Aquilo que o primeiro-ministro espanhol pretende é o apoio dos restantes membros da UE ao plano do seu governo para impedir que a Catalunha se declare independente.

A posição da Alemanha parece inclinar-se mais para a via do diálogo que para a via da imposição clara da integralidade do território espanhol como única opção. “Espero que tenham vontade de negociar, de reduzir tensões e de utilizar o tempo e espaço na Catalunha e em Espanha”, disse ontem o ministro dos Negócios Estrangeiros alemão, Sigmar Gabriel.
“Apoiamos toda a gente que se queira sentar à mesa de negociações para resolver estas questões e alcançar uma situação estável na Catalunha, assim como em Espanha”, acrescentou o chefe da diplomacia alemã.

Sigmar Gabriel mostrou-se preocupado com a instabilidade política e os danos que causa à economia da região, de Espanha e a toda a UE: “O povo e a economia da Catalunha estão inquietos e cada dia em que persiste a falta de clareza aumenta a inquietude, e a situação torna-se mais difícil”, acrescentou o ministro alemão, que no dia 11 afirmara que uma declaração unilateral de independência por parte do governo da Catalunha seria “irresponsável”.

Ontem, na conferência de imprensa em Bruxelas, Romeva, o responsável da diplomacia catalã, perguntava, quando dizia que se podia passar tudo a partir daqui, inclusive a detenção dos dirigentes políticos catalães: “É algo que a União Europeia pode aceitar?
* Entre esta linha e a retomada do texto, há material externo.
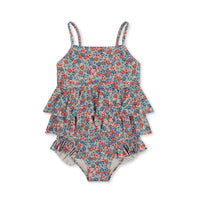 Met het Konges Slojd manuca frill badpak in rosie blue ben jij klaar voor de zomer! Dit leuke badpak is gemaakt voor zonnige dagen en veel waterpret.Het vrolijkgekleurde badpak met schattig bloemenmotief is perfect voor een uitje naar het strand of waterpret in het zwembad. VanZus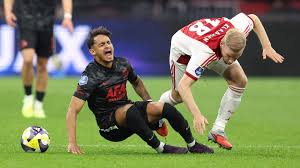 Feyenoord verliest punten: Ajax en AZ gaan op jacht naar de koploper. Volg het hier
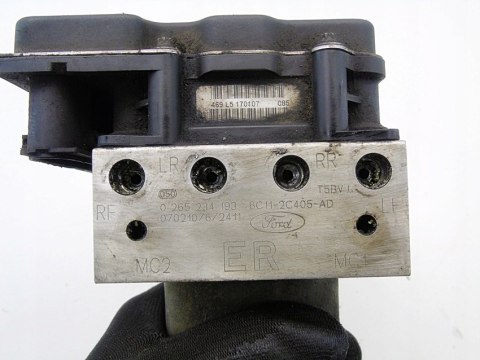 POMPA ABS FORD TRANSIT MK6 MK7 06-14 2.4 TDCI 0265950399 6C11-2C405-AD POMPA ABS FORD TRANSIT MK6 MK7 06-14 2.4 TDCI 0265950399 6C11-2C405-AD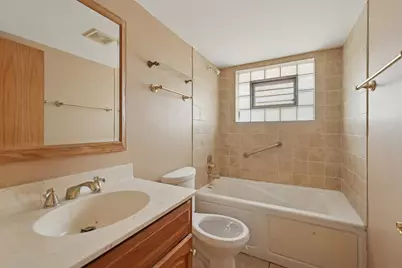 387 Madison Avenue, Calumet City, IL 60409 - Photo 14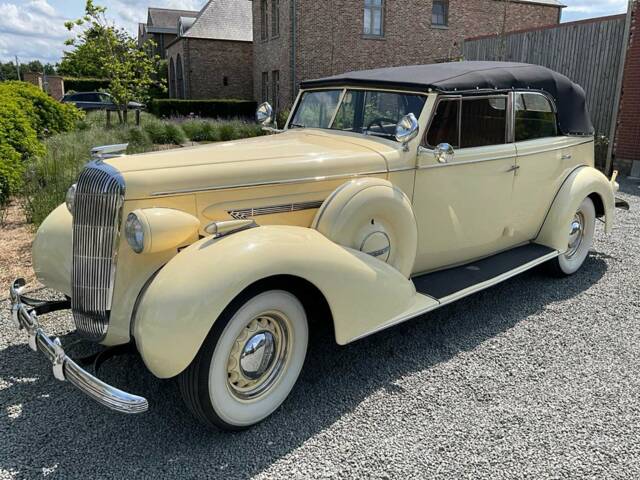 Image 1/8 of Buick Roadmaster (1936)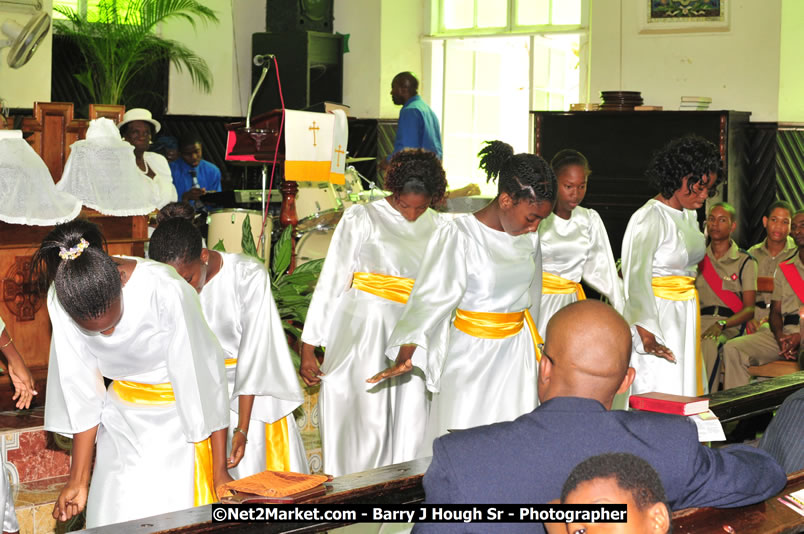 Lucea United Church - United Church in Jamaica and Cayman Islands - Worship Service & Celebration of the Sacrament of Holy Communion - Special Guests: Hanover Homecoming Foundation & His Excellency The Most Honourable Professor Sir Kenneth Hall Governor General of Jamaica - Hanover Jamaica Travel Guide - Lucea Jamaica Travel Guide is an Internet Travel - Tourism Resource Guide to the Parish of Hanover and Lucea area of Jamaica - http://www.hanoverjamaicatravelguide.com - http://.www.luceajamaicatravelguide.com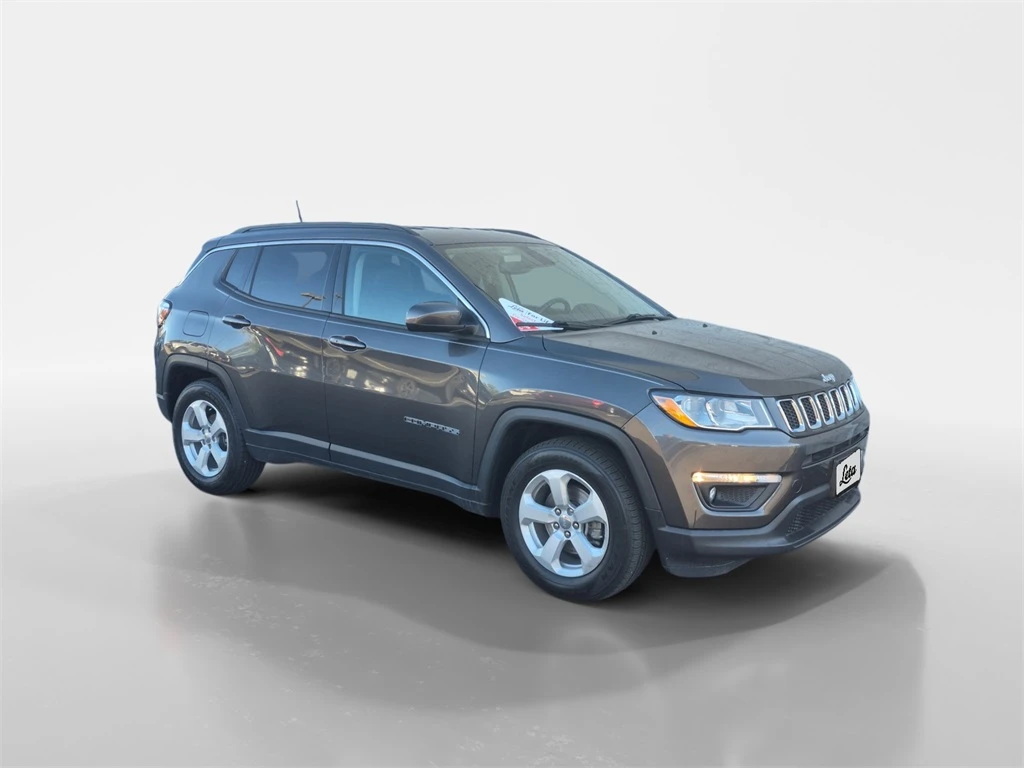 Used 2018 Jeep Compass Latitude with VIN 3C4NJCBBXJT489224 for sale in Bridgeton, MO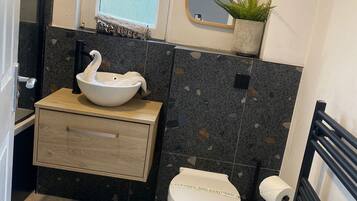 Combined shower/bathtub, deep-soaking bathtub, towels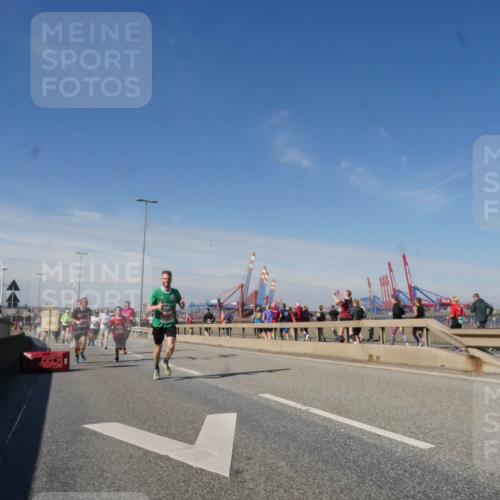 03.10.2025 - Köhlbrandbrückenlauf Matties Gatica Varas http://msf.ph/oto/8988789 03.10.2025 12:35:17 Position 2  meine-sportfotos.de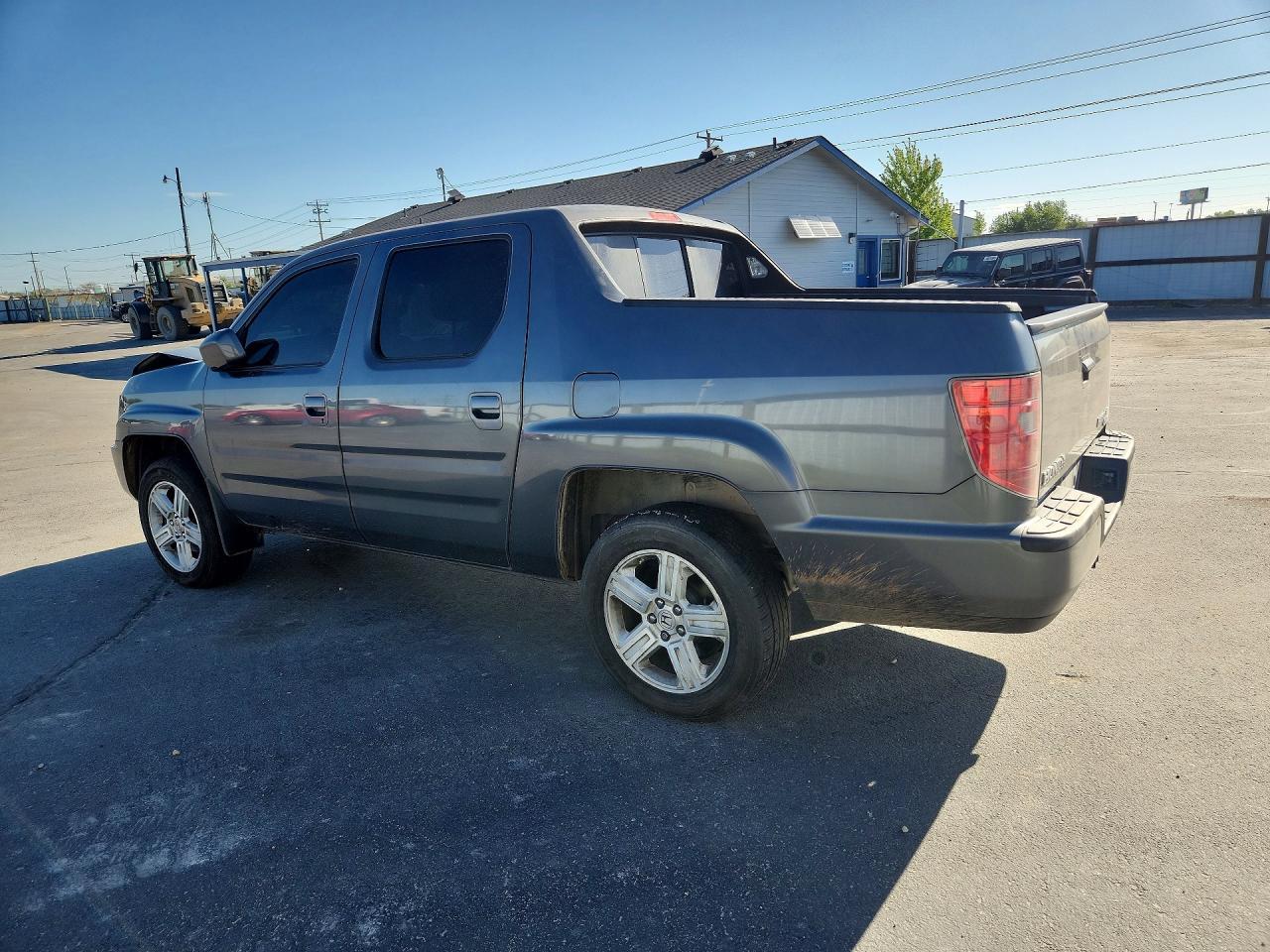 2011 Honda Ridgeline Rtl - Image 2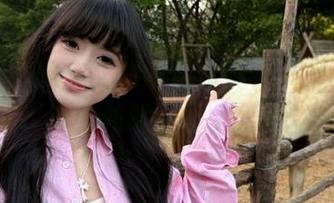 秀人网 – 林文文的眼镜写真：无圣光下最真实的她，令人心动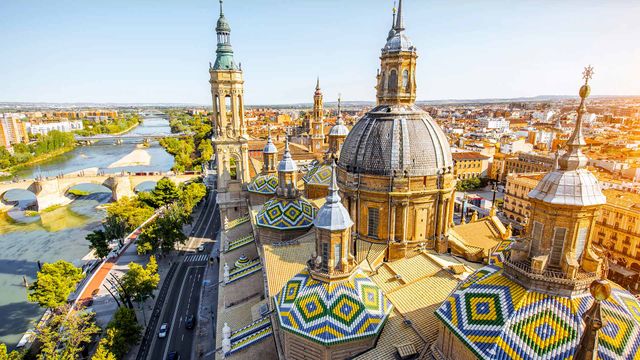 Las agujas de la Basílica del Pilar junto al río Ebro a su paso por Zaragoza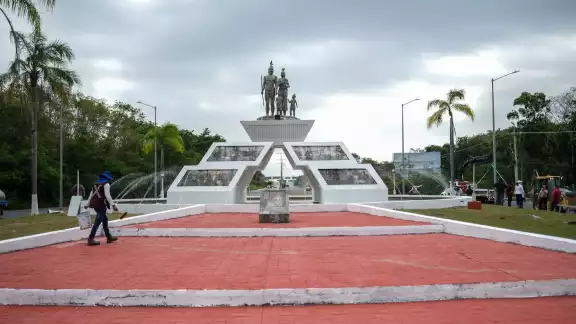 Algunos turistas se detuvieron para fotografiar el arreglo de la glorieta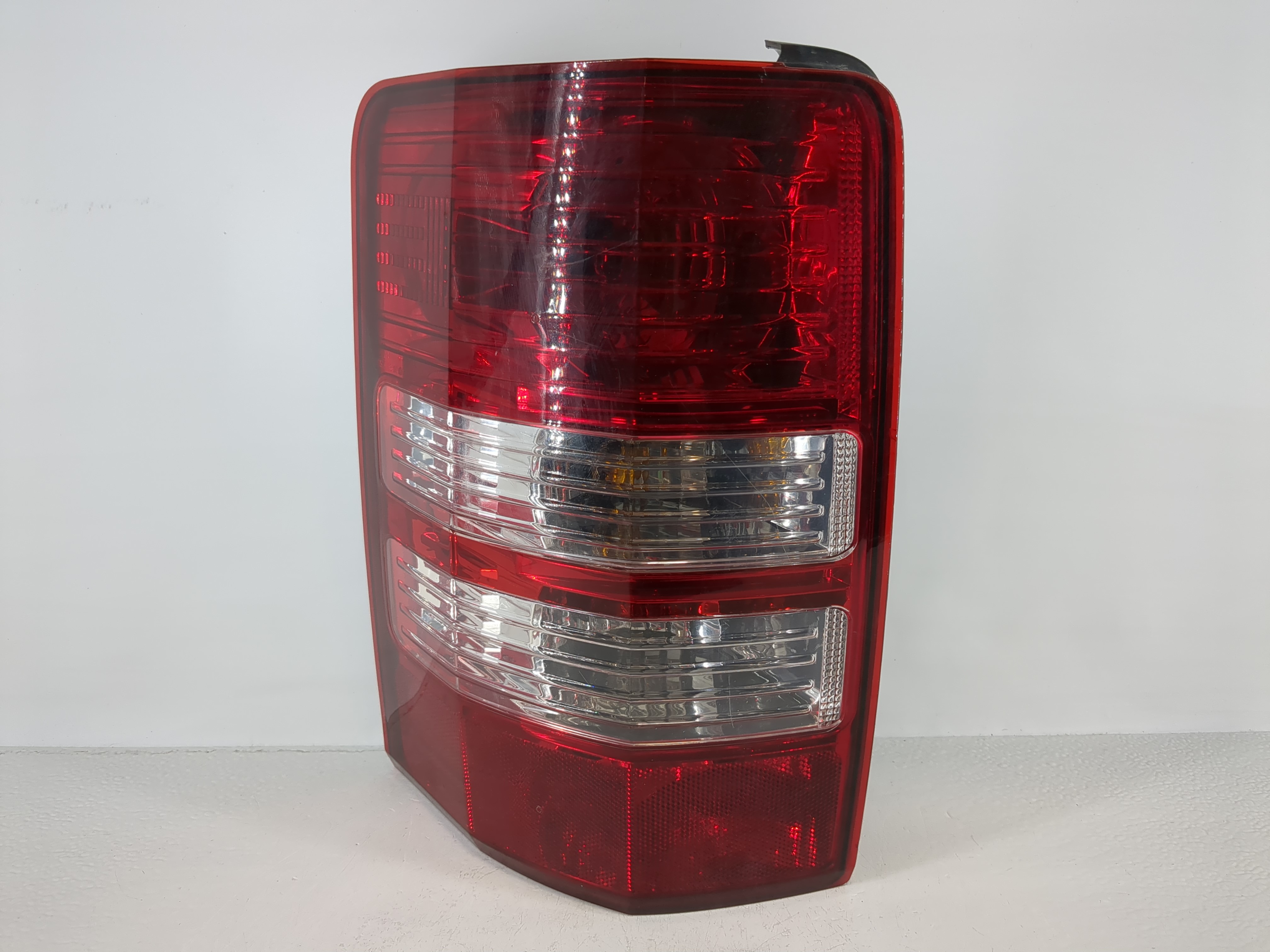 2008-2012 Jeep Liberty Driver Left Side Tail Light Taillight Oem 1097528 - Oemusedautoparts1.com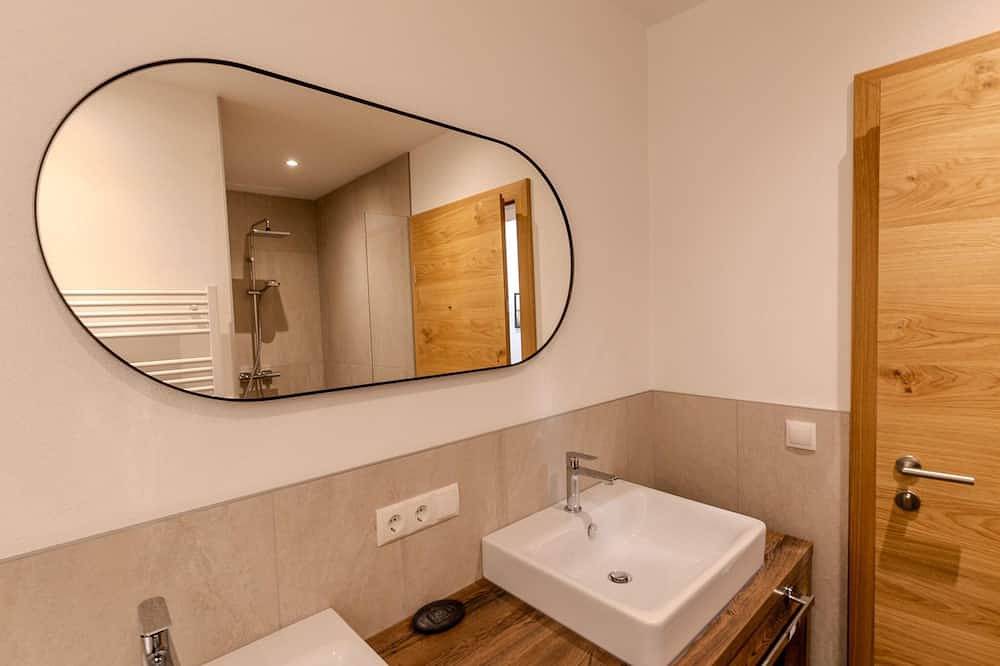 Ganze Wohnung, Modernes Apartment in schöner Lage in Tuxer Alpen, Zellberg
Pode viver com isso?”

Na segunda viagem a Bruxelas nas últimas três semanas, o representante de assuntos exteriores da Catalunha insistiu na necessidade de diálogo entre Barcelona e Madrid: “Não há alternativa ao diálogo. Isto é a política”, disse Romave, acrescentando que “não há alternativa a um acordo negociado com Espanha. “É no interesse de todos, catalães, espanhóis e europeus. Obviamente, o confronto nunca é desejável.”

Para Romeva, aquilo que Madrid está a fazer é negar a realidade, fazer de conta que a situação na Catalunha não chegou a um ponto em que não há volta a dar senão fazê-la evoluir para outro patamar. “É uma realidade que existe e não vai desaparecer, só porque há alguns que não gostam. Negar a realidade, está demonstrado que não resolve nada.